Score and aggregate across confidential parties — hospital A and hospital B, or two tenants — without any party revealing its input to another. The privacy comes from secret sharing: a value is split into shares that individually reveal nothing, and only the aggregate is reconstructed.

Scope. This is the information-theoretic secret-sharing layer: additive (n-of-n) and Shamir (t-of-n) sharing plus secure summation — the SMPC primitive for linear federated aggregation (sum, mean, count). Multiplicative MPC (SPDZ/MASCOT with Beaver triples and an interactive online phase) is a separate networked protocol and is out of scope here.

Additive secure aggregation

Each party splits its value into shares; the aggregator sums the shares component-wise and reconstructs only the total. No single party's value is ever materialised.

from director_ai import ProductionGuard
from director_ai.core.config import DirectorConfig
from director_ai.core.federated_privacy.secret_sharing import split

agg = ProductionGuard(DirectorConfig()).secure_aggregator(party_count=3)
for value in (10, 20, 12):
    agg.submit(split(value, party_count=3))
print(agg.reconstruct())          # 42 — the sum, never any single value

Additive sharing is n-of-n: every party must contribute, and one dropout loses the result.

Shamir threshold sharing

Shamir t-of-n sharing tolerates dropouts and collusion: any t of the n parties reconstruct the secret, while fewer than t learn nothing — so up to n - t parties can drop out and up to t - 1 can collude without breaking privacy.

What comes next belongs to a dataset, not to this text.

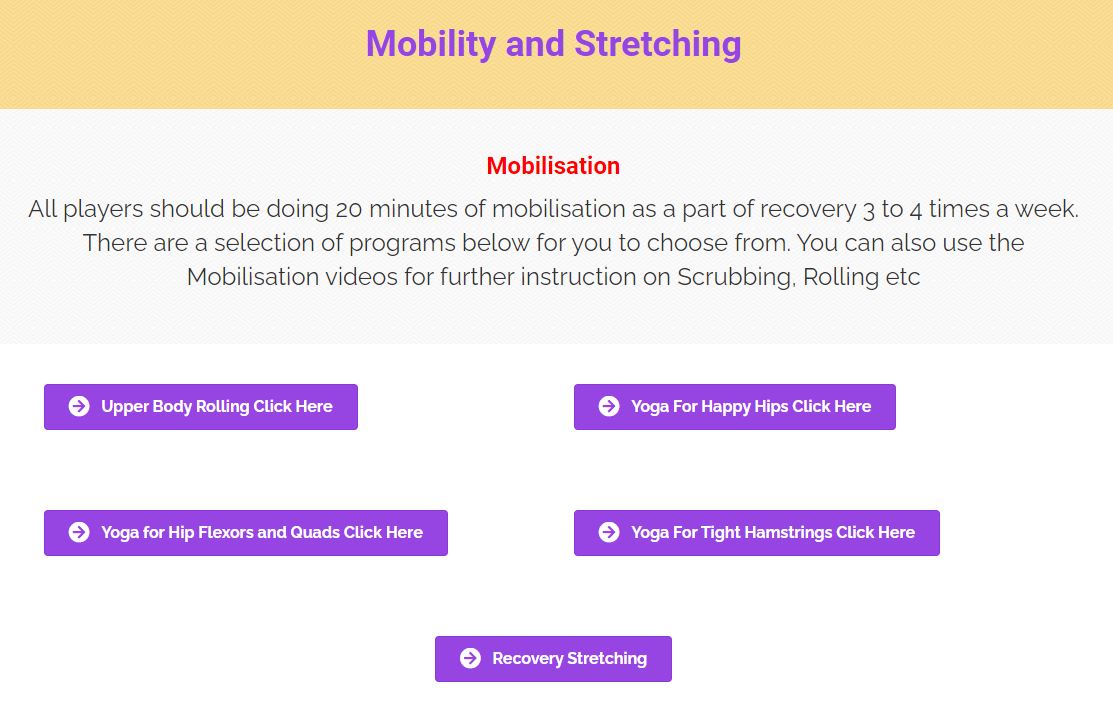 mobility and stretching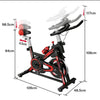 Exercise Bike Indoor Cycling Home Gym Workout Cardio Fitness LCD Monitor Black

from director_ai.core.federated_privacy import (
    shamir_split, shamir_reconstruct, shamir_sum_shares,
)

shares = shamir_split(secret, party_count=5, threshold=3)   # 3-of-5
secret_back = shamir_reconstruct(shares[:3])                 # any 3 suffice

# Secure summation across parties (additively homomorphic), dropout-tolerant:
groups = [shamir_split(v, party_count=5, threshold=3) for v in private_values]
total_shares = shamir_sum_shares(groups)
total = shamir_reconstruct(total_shares[:3])                 # = sum(private_values)

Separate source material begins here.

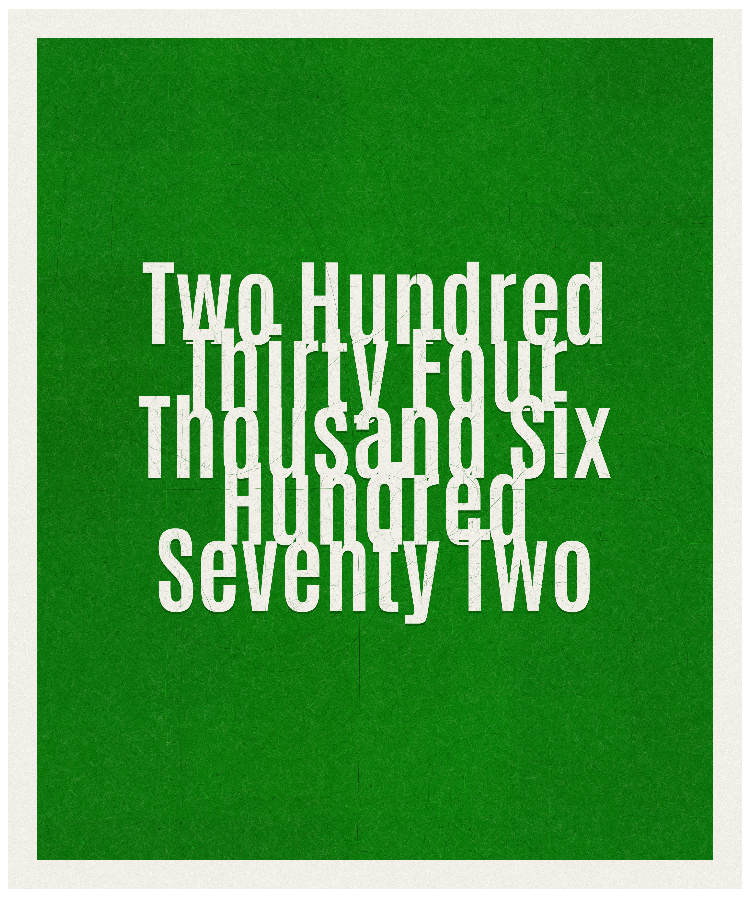 Count #234672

The field modulus is the Mersenne prime 2**127 - 1, so the Lagrange interpolation that reconstructs the secret always has the modular inverses it needs. Shares carry no plaintext, so the protocol metadata is safe to route over any transport. Production code must leave seed unset so the system CSPRNG is used; a seed is for reproducible tests only and requires allow_insecure_seed=True.